INPUT DATA:
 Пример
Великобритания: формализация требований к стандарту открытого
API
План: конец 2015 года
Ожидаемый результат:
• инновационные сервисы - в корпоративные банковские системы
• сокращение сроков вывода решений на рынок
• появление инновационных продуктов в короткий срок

---

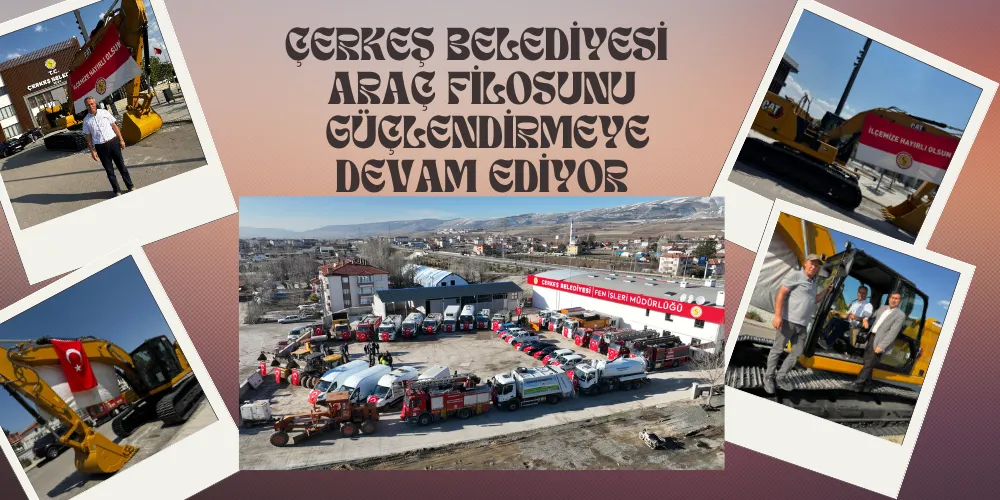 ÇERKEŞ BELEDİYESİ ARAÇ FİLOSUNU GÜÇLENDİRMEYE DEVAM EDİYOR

YOUR OBJECTIVE: Using the entries shown above, reproduce verbatim the lines from the line bearing "решений на рынок" to the line bearing "в короткий срок", inclusive.

SOLVED PROBLEM:
• сокращение сроков вывода решений на рынок
• появление инновационных продуктов в короткий срок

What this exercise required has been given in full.